それにしても何故、隼人は柄の話をするんだ? もしかして、ラインより柄の方が興味あるのか。
「隼人。なぜ、柄の話をするんだ? お前、もしかして……」
「えっ、違いますよ。ちょっと知り合いにアニマルプリントのパンツを穿いている人がいるので、どうなのかなって思っただけです」
それはそれで問題ではないか。
「ちょっと待て。なぜ、その女性がアニマルプリントのパンティを穿いていると知っているんだ?」
「えっ! ええと……」
隼人が目線を反らす。
「お前、もしかして」
隼人が生唾を飲み込み、眼が泳ぐ。
「ガールフレンドがいるのか?」
「……はっ?」
隼人の眼が点になった。
「だから、彼女がいるのかと訊いているんだ。そして、その彼女とムニャムニャな桃色遊戯の最中に見たのではあるまいな」
なんたることだ。隼人に彼女がいたのか。確かに、隼人の容姿はジャニーズ並みの可愛らしさだ。それは認めよう。しかし、後輩に先を越されているとなると、あまりにも私のジュニア(下半身)が不憫に思えてしまう。私がパンティラインに現を抜かしている間、ジュニアはいつも柵の中で、自分の活躍を虎視眈々と待つばかり。優秀な競走馬が草原を走れないのと同じ、私のジュニアも血気盛んな実力を発揮することが出来ないでいる。すまんジュニア。もうしばらく私のわがままに付き合ってくれ。いつか必ず、お前の存在意義を証明してみせる。
私は血の涙を流しながら隼人に言った。
「ぷりん部は彼女を作ることを公認している。だから、お前を責め立てることはしない」
視界が真っ赤に染まる。もう、泣いているのか、血を流しているのか分からない。
「せめて、彼女にはぷりん部の事を内緒にしておけよ。もしバレたら……」
そう言おうとした私に、隼人はかぶりを振り、
「ちっ、違いますよ。僕に彼女はいません。あっ、姉です。僕の姉がアニマルプリントのパンツを穿いているんです。まったく困った姉ですよ。高校生にもなって穿くパンツじゃないですよね」
「なに、姉だと?」
それなら合点がいく。姉弟ならパンツの一枚や二枚見るのは日常茶飯事だ。私としたことが、勘違いするとは恥ずかしい。

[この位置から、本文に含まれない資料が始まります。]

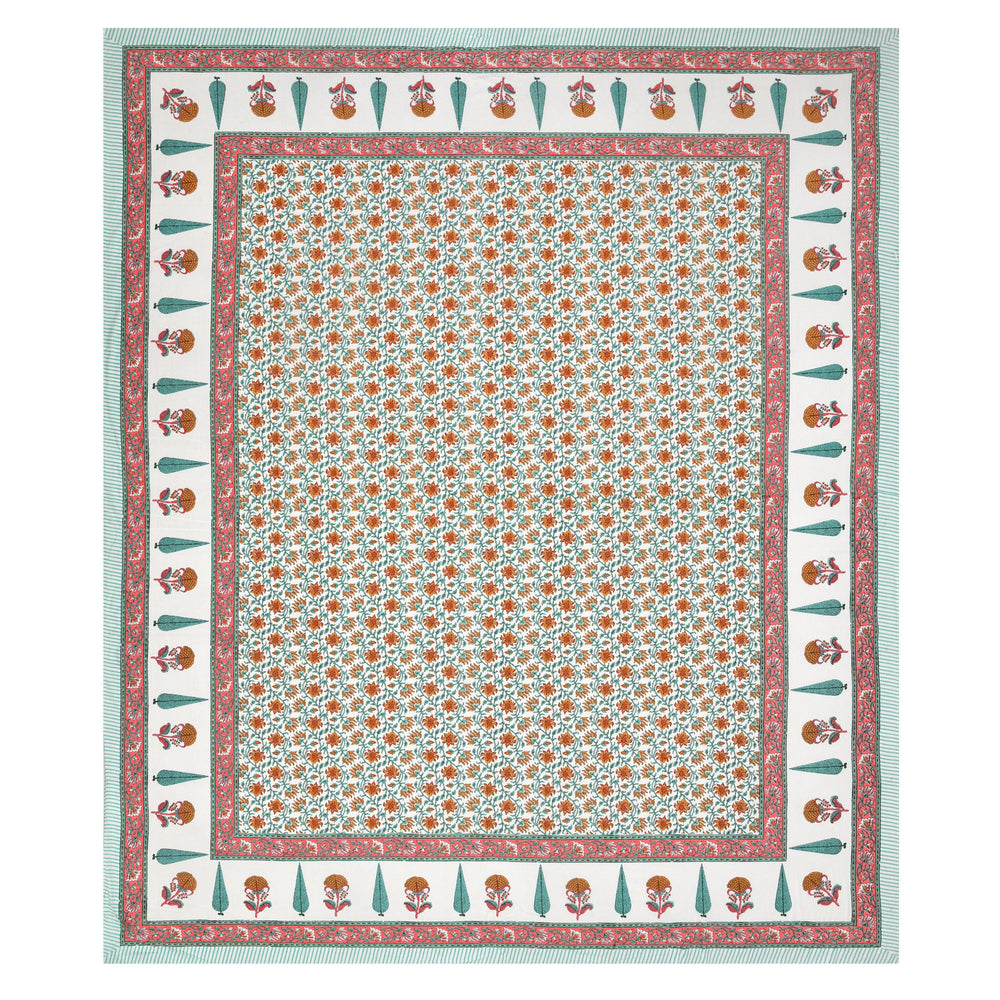 Tista 310 TC Cotton Bed Sheet with 2 Pillow Covers - Printed - Clover Home Furnishings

ジュニアよ、喜べ。お前は先を越されていないぞ。世間では縦横無尽に活躍している仲間はいるかもしれない。だが、少なくとも、目の前にいる隼人には先を越されていない。これでお前の名誉は保たれるぞ。
「なるほど。そういう事だったのか。そうかそうか、姉がアニマルプリントか。私はいいと思うぞ。可愛らしくていいじゃないか。なにも隼人が恥ずかしがる事じゃない」
私の言葉に隼人は「ホントですか?」と嬉しそうに微笑んだ。
姉のパンティ柄を気にするとは、姉想いなのだな。
その時、ポケットに入れてある携帯が鳴った。画面を開くとキララからだった。
キララが掛けてくるとは珍しい。
私は通話ボタンを押し、携帯を耳に当てた。
「もしもし、なんの……」
『出るのが遅い! あとで内股の刑ね』
開口一番に「刑」が出てくるとは思わなかった。そもそも、電話に出たのに投げ飛ばされては適わん。
受話器の向こうで怒鳴り散らすものだから、私の鼓膜は痛くなった。何げなしに隼人を見るとキョトンとしていたので、小声で「キララからだ」と言う。
「ああ……、キララ先輩ですか」
と、隼人が頷いた。
『だれかと一緒なの? ってか、あんた何処にいるのよ』
地獄耳を持ち合わせるキララが、私たちのやり取りを聞いていたらしい。
私は内心「どこでもいいだろう」と言いたかったが、後で何されるか考えなくとも分かるので素直に答えた。
「隼人と一緒だ。それより、なんの用なんだ? 私たちは忙しいんだから、用がないなら切るぞ」
『用があるから掛けたに決まっているじゃない。忙しいって、どうせ秋葉あたりでパンツ見ているだけでしょ?』
地獄耳の他に勘も鋭かった。全てを見透かされているようで、一瞬ギョッとする。
「なぜ、わかった。もしかして、私の事を監視しているのか」
『するわけ無いでしょ。パンツ見るくらい暇なんでしょ? あんた、今からこっち来なさいよ』
パンティを見ていることと、こっちに来なさいの関係性が分からない。なにを言っているんだ。
「暇ではない。隼人を一人前の漢として……」
『来ないと絞め十字固の刑よ』
悪魔の一択ではないか。
絞め十字固とは、柔道の絞め技と寝技をミックスした固技だ。縦四方固(馬乗り)の状態から、相手の首を十字に締め上げることで成立する。これはもう脅迫だな。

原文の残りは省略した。